◆ **Work to complete**
Starting with the line that holds "Růžový saténový květinový" and stopping after the line that holds "878 Brown Ct, Batavia, IL 60510", repeat the lines below word for word, without the pictures.

◆ **Extracted entries**

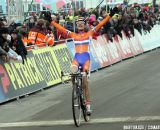 Vos soloed to another impressive win © Bart Hazen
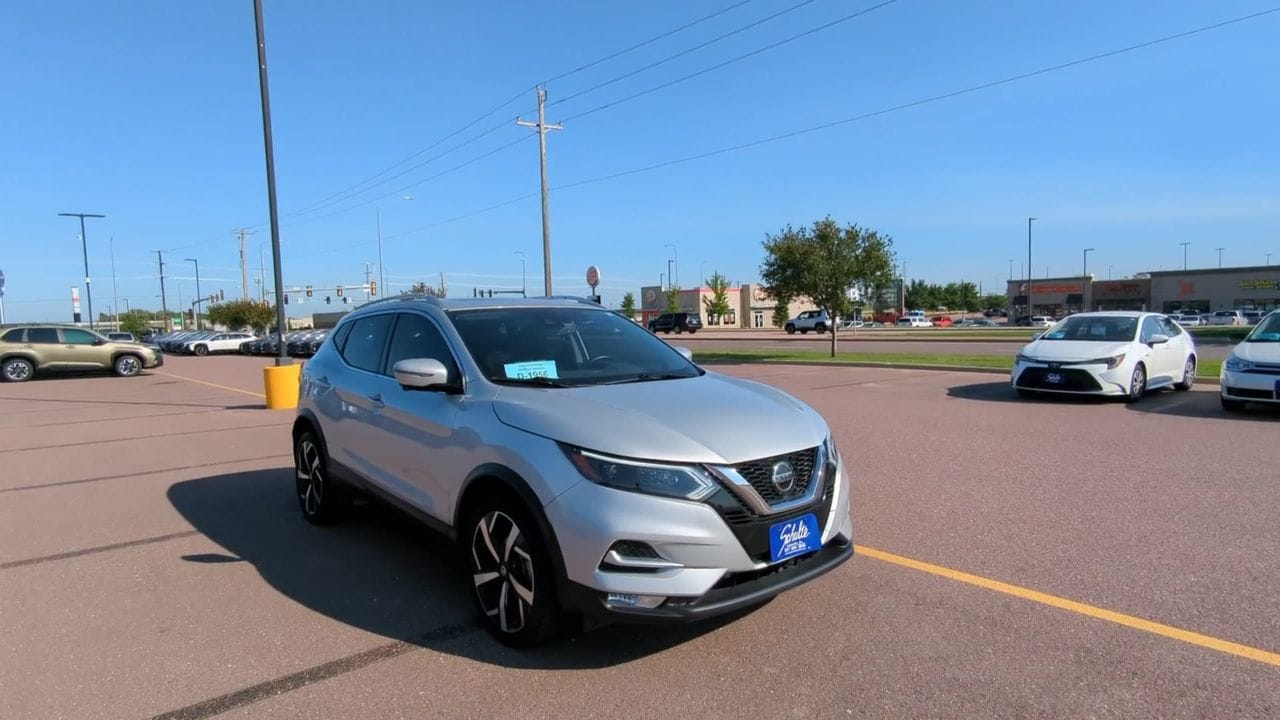 Used 2021 Nissan Rogue Sport SL with VIN JN1BJ1CW0MW453293 for sale in Sioux Falls, SD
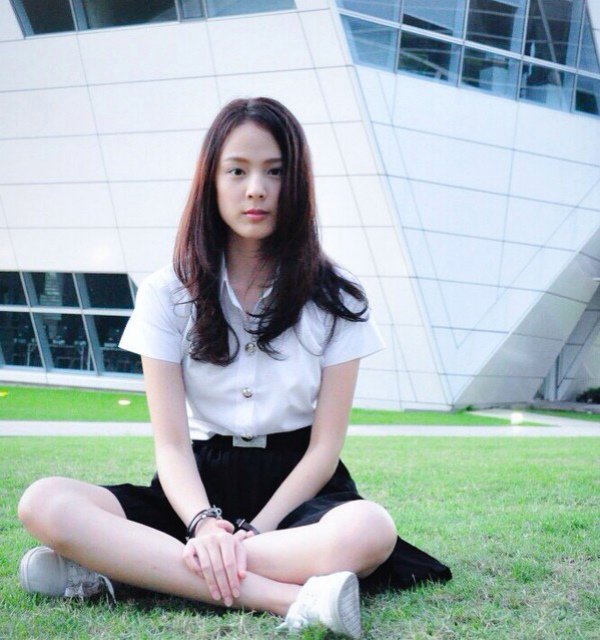 Bắt đầu yêu từ năm 19 tuổi, mối tình của amp;#34;Thái tử phiamp;#34; xứ chùa Vàng đã 1 thập kỷ - 10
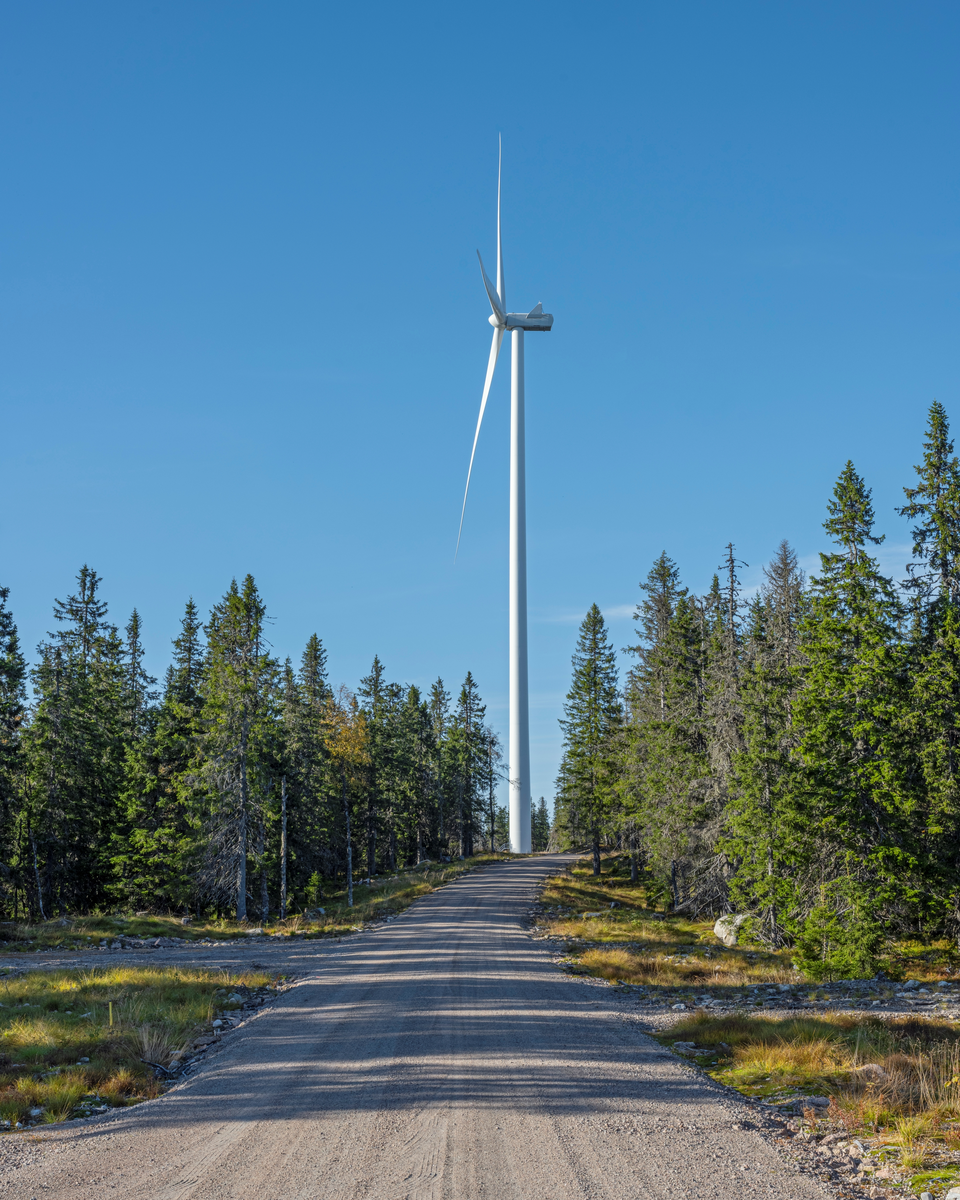 Fra Kjølberget Vindkraftverk på Finnskogen, Våler kommune, Innlandet. Bildet er tatt i retning vindturbinen på toppen av Kjølberget. Da bildet ble tatt var det gått drøyt 6 år fra anleggsarbeidet startet, og nær 5 år siden anlegget begynte å produsere støm.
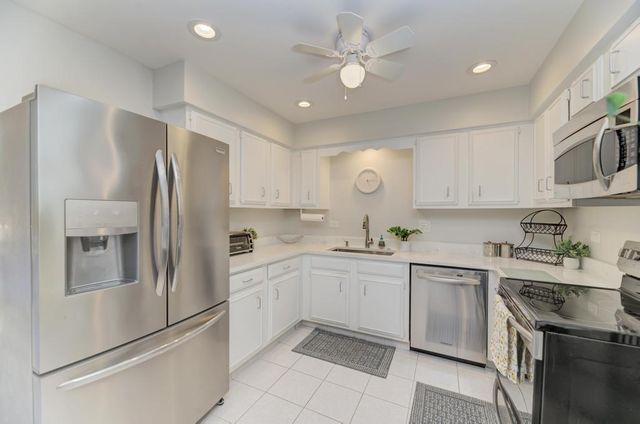 4000 Dundee Road 107, Northbrook, IL 60062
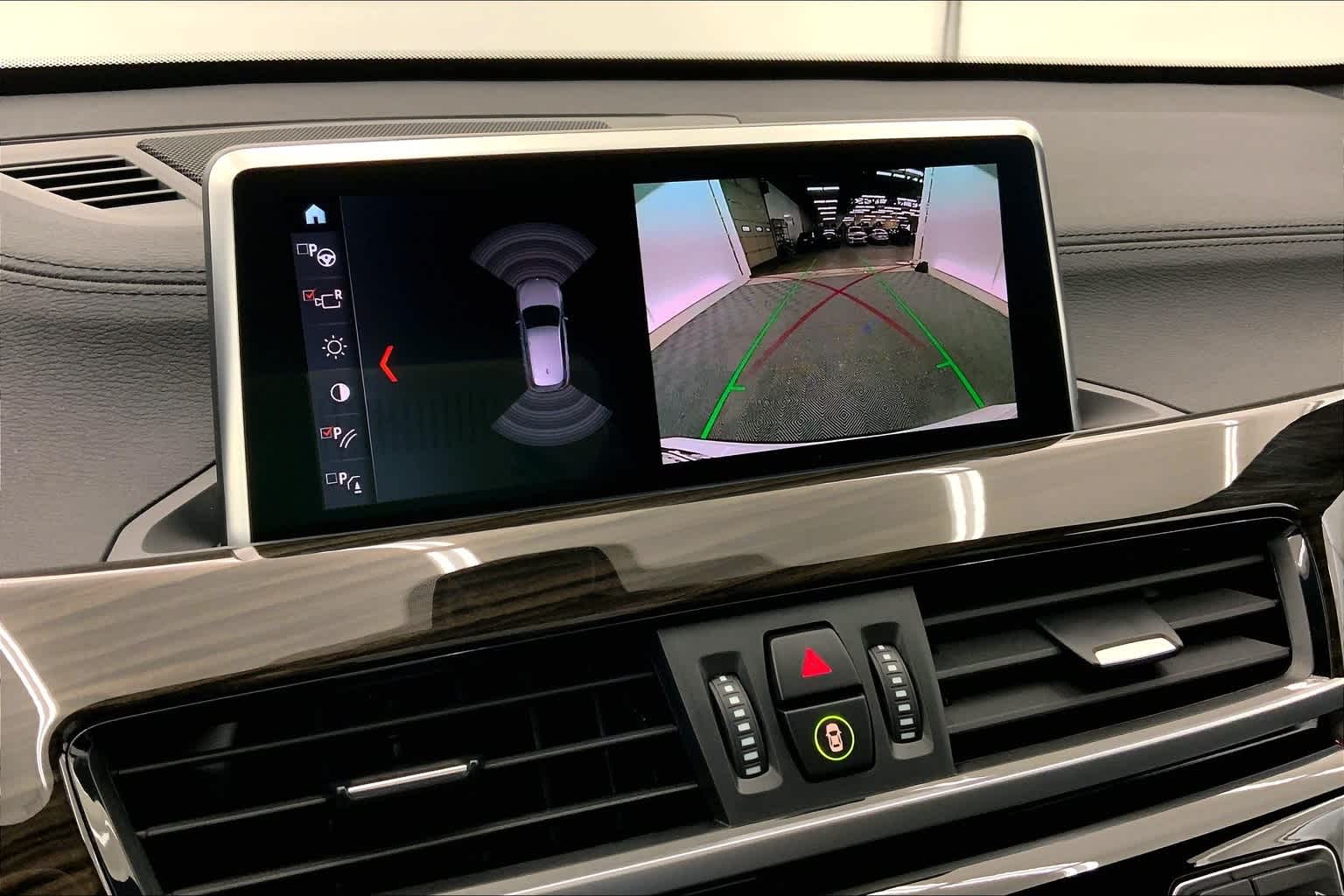 Thumbnail: 2021 BMW X1 - 23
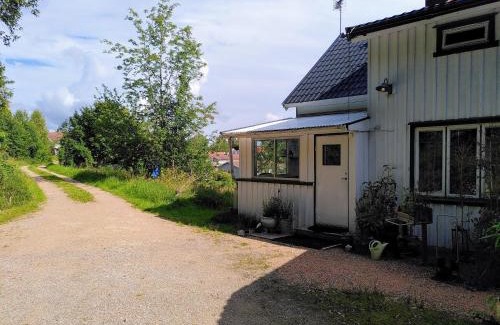 Henan Apartment | Lägenhet naturnära i Henån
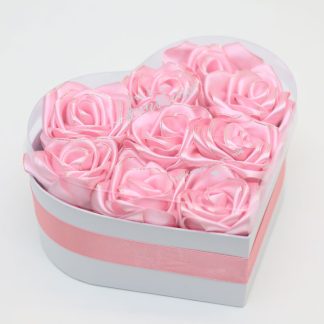 Růžový saténový květinový box se srdcem z růží - "MEDIUM"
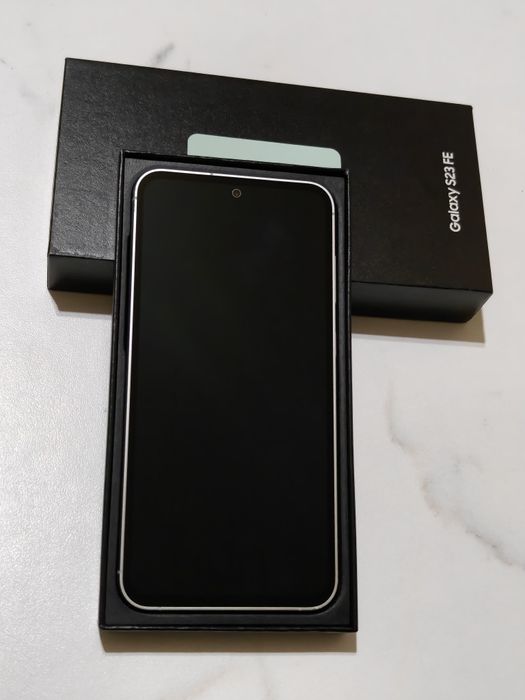 Samsung S23 FE 128 gb Ram 8 5G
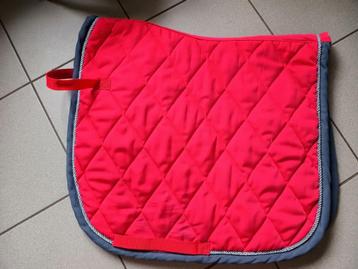 Zadeldekjes beschikbaar voor biedingen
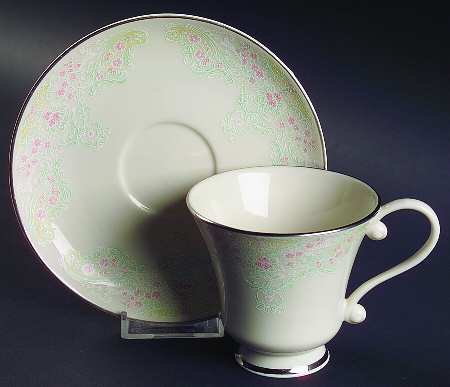 Brocade Footed Cup & Saucer Set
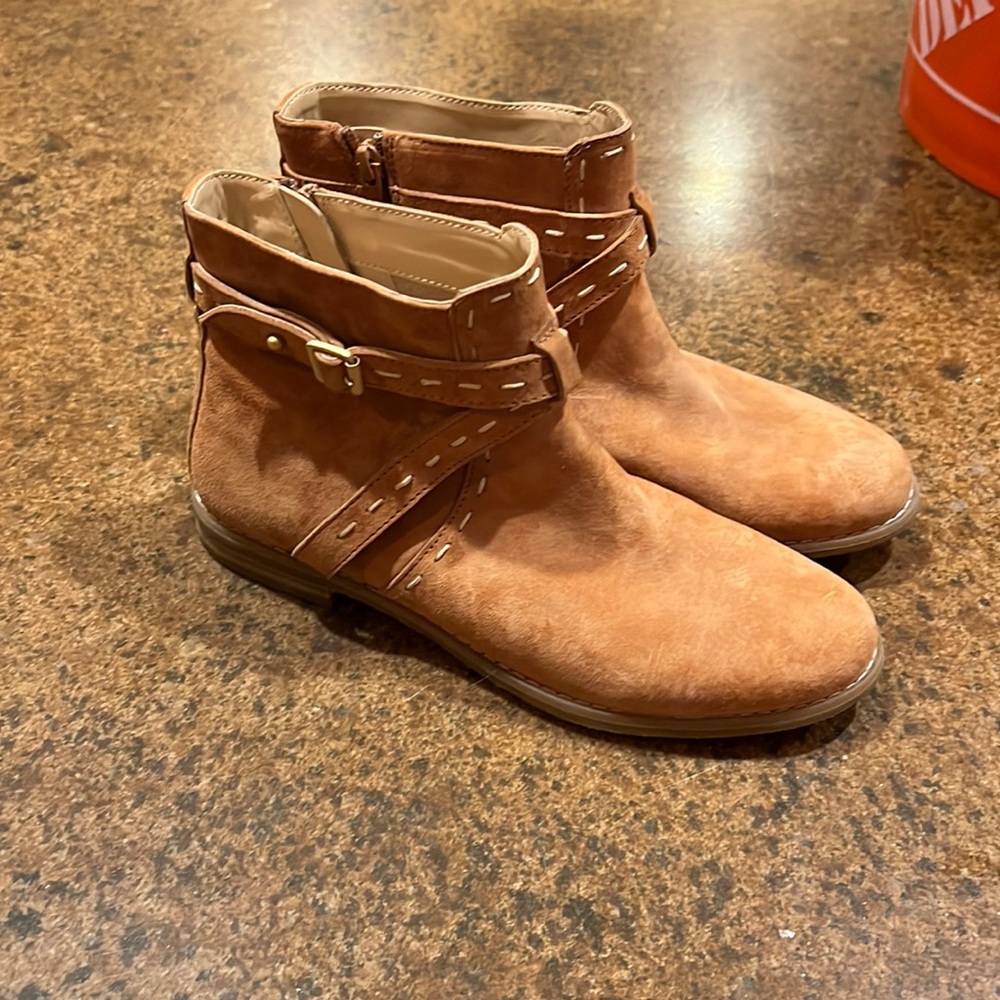 Hush puppies ankle boots size 8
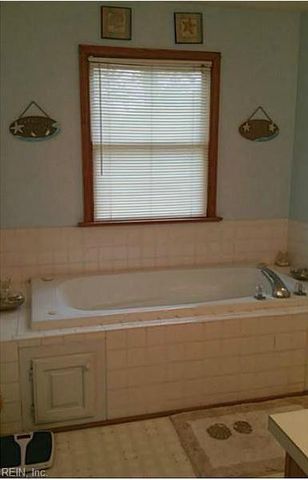 840 Beckley LN, Chesapeake, VA 23322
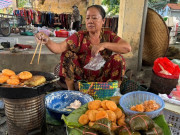 Lifestyle - Khu chợ lâu đời ở Hưng Yên bán đủ món ngon rẻ, 8 chiếc bánh chỉ 10.000 đồng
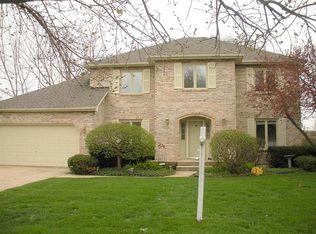 878 Brown Ct, Batavia, IL 60510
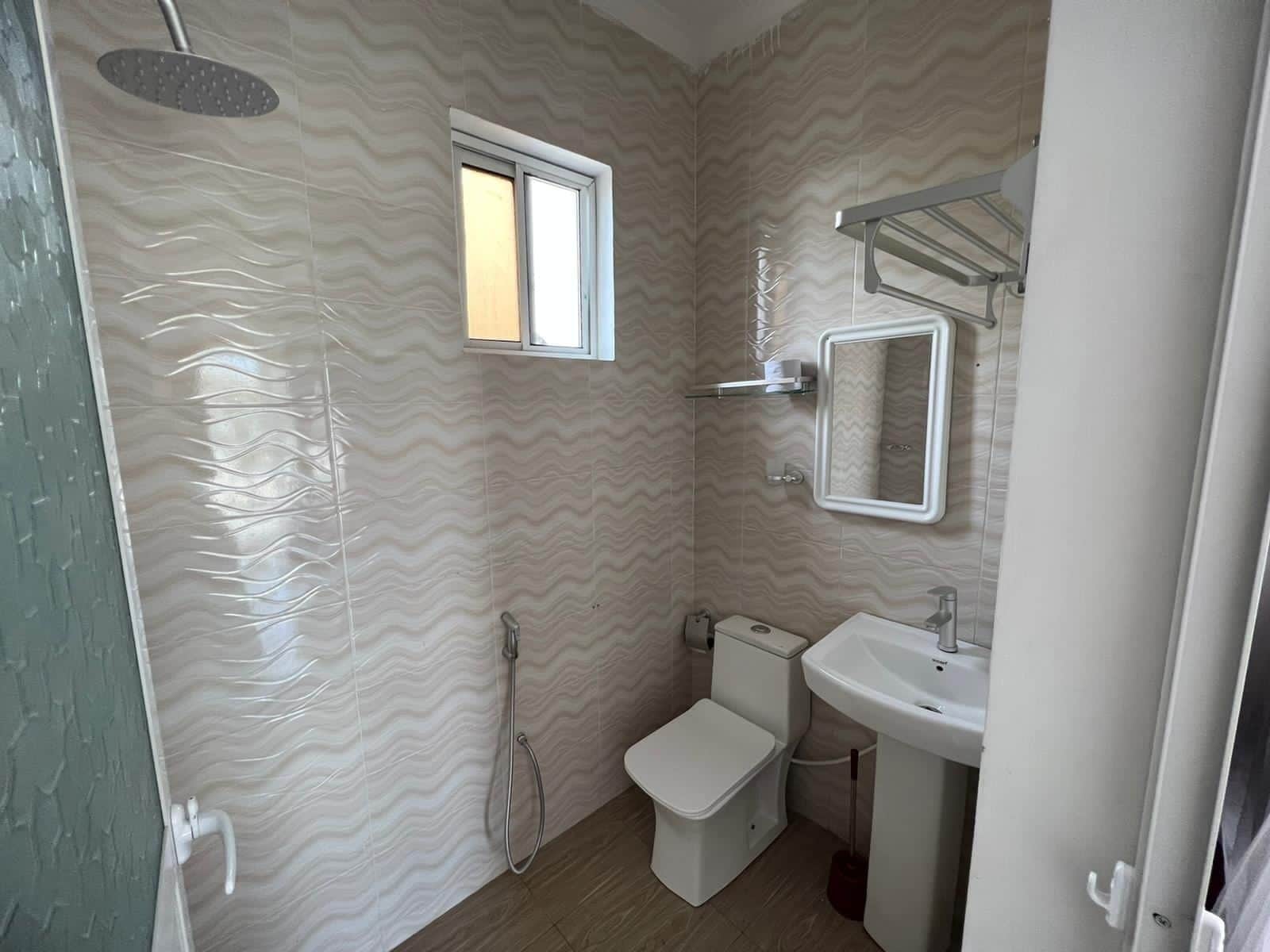 deluxe bungalow, 1 king bed, non smoking, beach view | bathroom | shower, free toiletries, hair dryer, towels
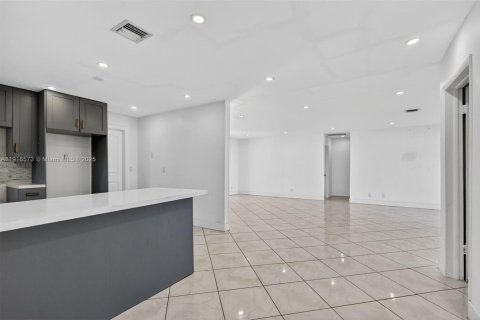 Casa en venta en Hollywood, Florida, 3 dormitorios, 147.25 m2 № 1974319 - foto 19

◆ **Solved problem**
 Růžový saténový květinový box se srdcem z růží - "MEDIUM"
 Samsung S23 FE 128 gb Ram 8 5G
 Zadeldekjes beschikbaar voor biedingen
 Brocade Footed Cup & Saucer Set
 Hush puppies ankle boots size 8
 840 Beckley LN, Chesapeake, VA 23322
 Lifestyle - Khu chợ lâu đời ở Hưng Yên bán đủ món ngon rẻ, 8 chiếc bánh chỉ 10.000 đồng
 878 Brown Ct, Batavia, IL 60510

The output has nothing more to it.